The world's first and largest climate-positive direct air capture and storage facility, designed to suck up and store carbon dioxide underground, has just gone live in Hellisheidi, Iceland. For the direct air capture industry as a whole, the unveiling of 'Orca' on Wednesday was a great moment of ambition becoming a reality.
Iceland's Carbfix and Switzerland's Climeworks built the plant. It takes its name from the Icelandic word 'orka,' which means 'energy.' Climeworks' direct air capture technology and Carbfix's underground storage brought the giant machine to life.

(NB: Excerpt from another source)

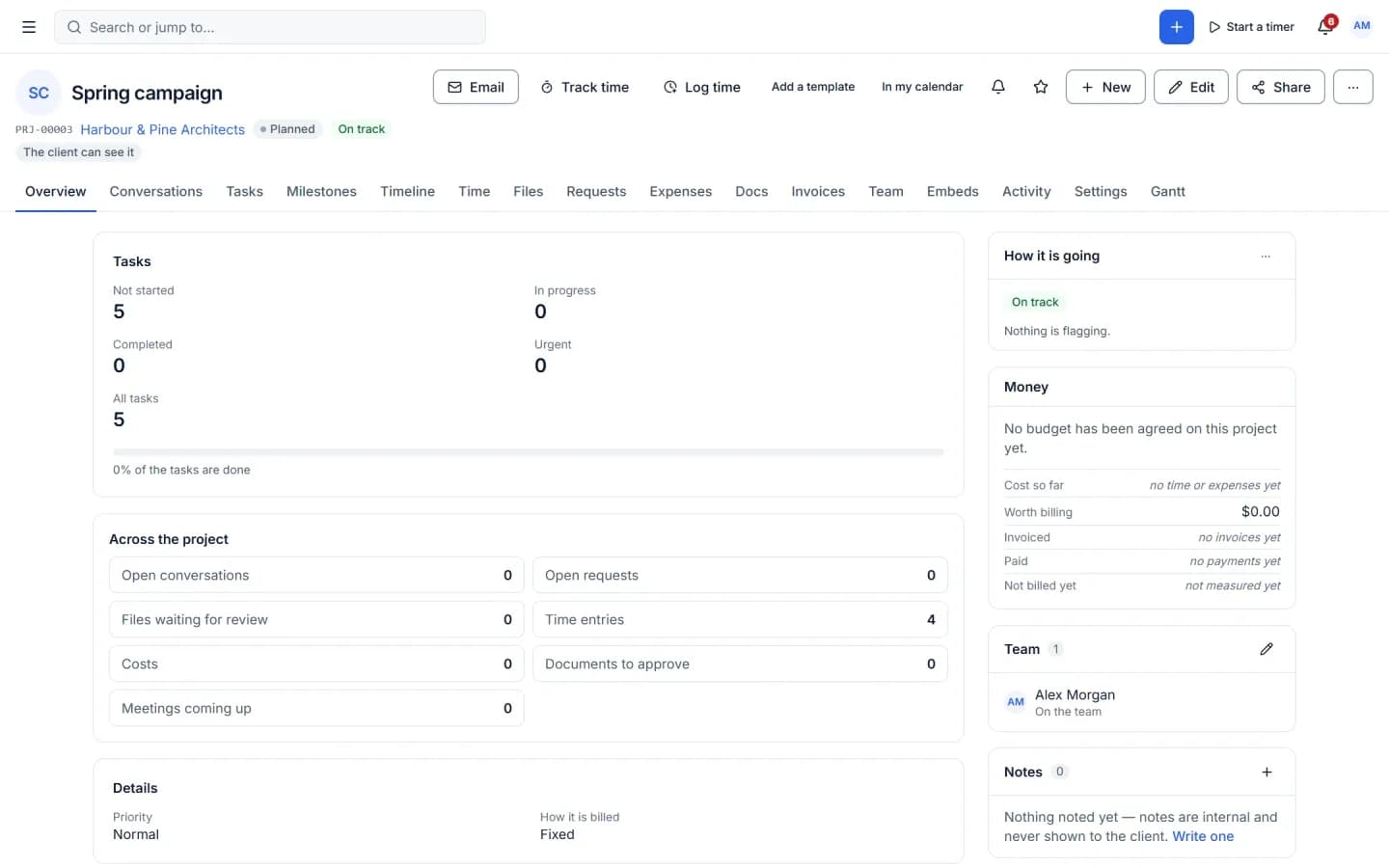 Cliezoo project overview in WordPress with tasks, milestones, time, files, invoices and a money panel for a client project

DAC Machine Captures Carbon Dioxide
Climeworks, a Zurich-based firm, is said to have built the enormous $15 million "direct air capture" or DAC equipment, which was recently installed at Iceland's Hellisheii Power Station. As part of the overall endeavor to lower greenhouse gas levels in the earth's atmosphere, Orca can capture 4,000 metric tons of CO2 each year.
According to WSBuzz, this is the equivalent of roughly 790 vehicles being emitted annually. However, International Energy Agency said this figure is a drop in the bucket compared to worldwide CO2 emissions, which are expected to reach 34.7 billion tons in 2020.
The 'Heart' of the Plant That Processes Carbon Dioxide
The plant gathers carbon dioxide by drawing air into a collector (the plant's heart), which contains a filter substance. Climeworks said the two-step process of capturing carbon dioxide occurs in all eight collector containers, which are metal boxes that look like maritime shipping containers.
Direct air capture technology, or DAC, works just as it sounds. Giant fans are said to pull ambient air into contact with an aqueous solution that takes up carbon dioxide and pushes it into a trap.
First, the air is drawn into the collector by a fan. Carbon dioxide trapped inside the collectors is subsequently captured by the extremely selective filter material. Second, once the filter material has been loaded with CO2, the collector is closed and the temperature is raised to between 80 and 100 °C to release the CO2 and collect the highly purified, highly concentrated CO2.
Finally, the CO2 is combined with water before being injected into adjacent basalt rock, where it is petrified, at a depth of 1,000 meters. As world specialists in fast underground carbon dioxide mineralization, the Carbfix's responsibility was to create a robust scientific backbone.
DAC Machine's 'Collector' Units
Science Alert said "collector" devices on one side of the DAC machine suck in CO-2 air from the surrounding environment. On the other side, it releases clean CO2-free air at the same time. CO2 is subsequently collected and stored in collector units, which are then ready for treatment.
Orca, according to Wurzbacher, has been able to give a scalable, adaptable, and even reproducible design for Climeworks' future development as a milestone in the direct air capture sector. As demonstrated on Climeworks, attaining worldwide net-zero emissions is still a long way off at the present.